◆ Exercise details: Beginning with the line that holds "PELUQUERIA CANINA" and ending with the last line of the entries, please output each line exactly, apart from any pictures.

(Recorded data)

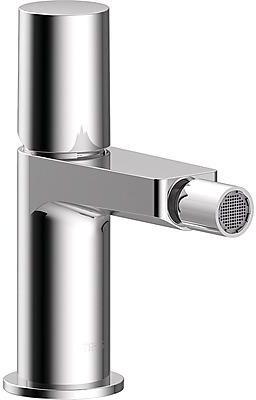 Смеситель для биде Tres Project Chrom (21112002)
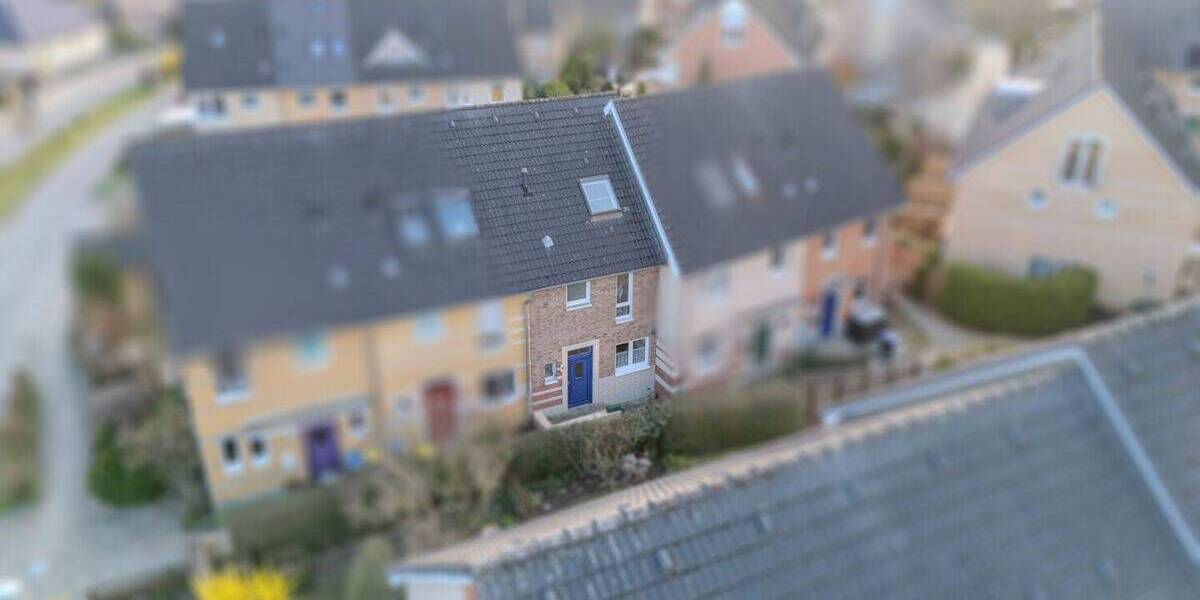 Reihenmittelhaus Borgsdorf Borgsdorf - 4 Zimmer, 94 m&sup2;, 379.000&euro; | Angebot:26258867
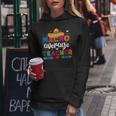 Nacho Average Teacher Cinco De Mayo Fiesta Mexican Teaching Women Hoodie Unique Gifts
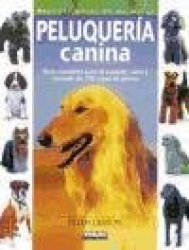 PELUQUERIA CANINA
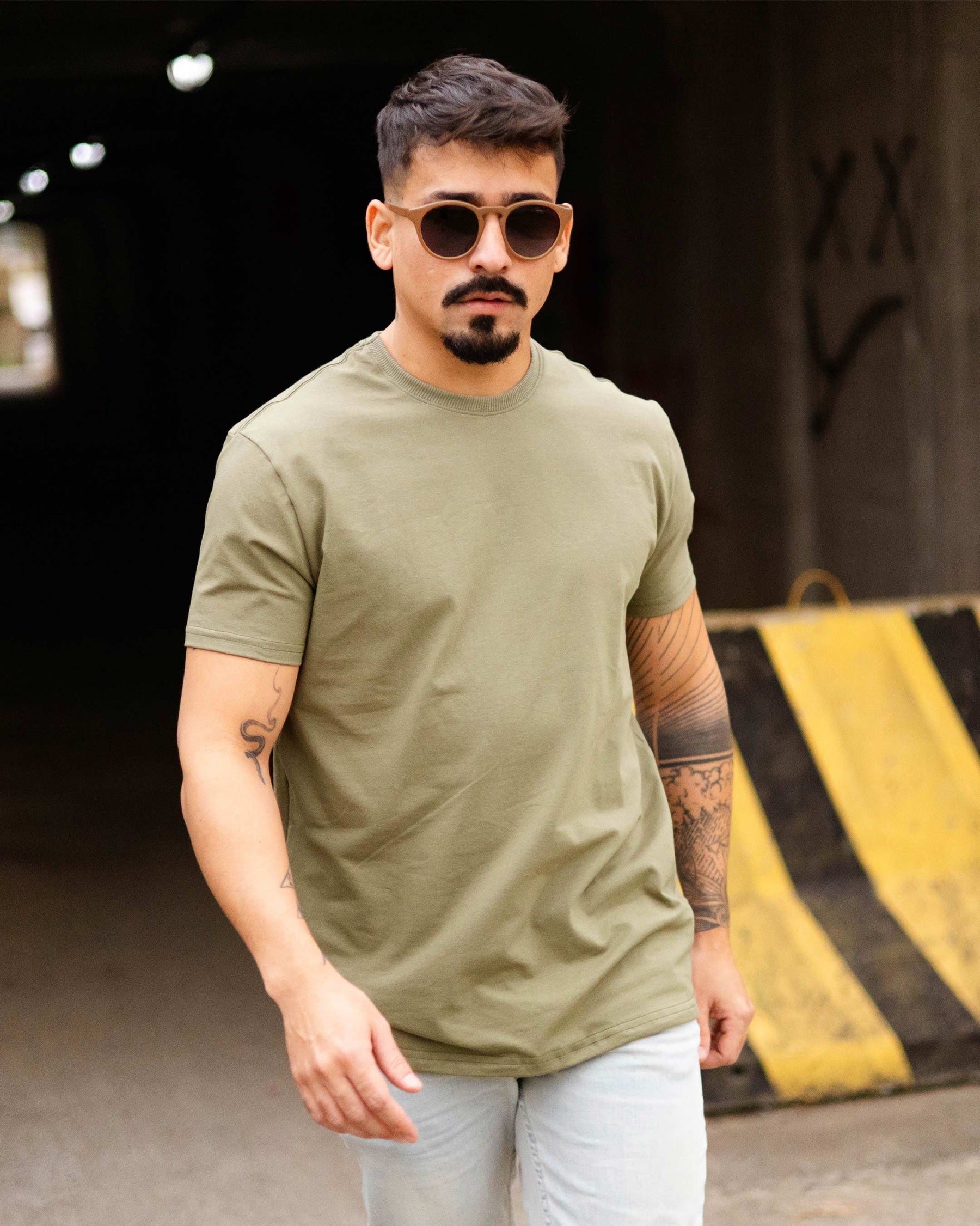 KIT COMPRE 2 E LEVE 5 CAMISAS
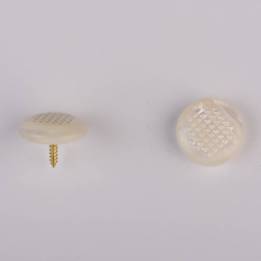 Boutons main droite (14,5 mm)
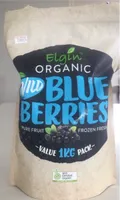 Wild Blueberries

◆ Task solution:
 PELUQUERIA CANINA
 KIT COMPRE 2 E LEVE 5 CAMISAS
 Boutons main droite (14,5 mm)
 Wild Blueberries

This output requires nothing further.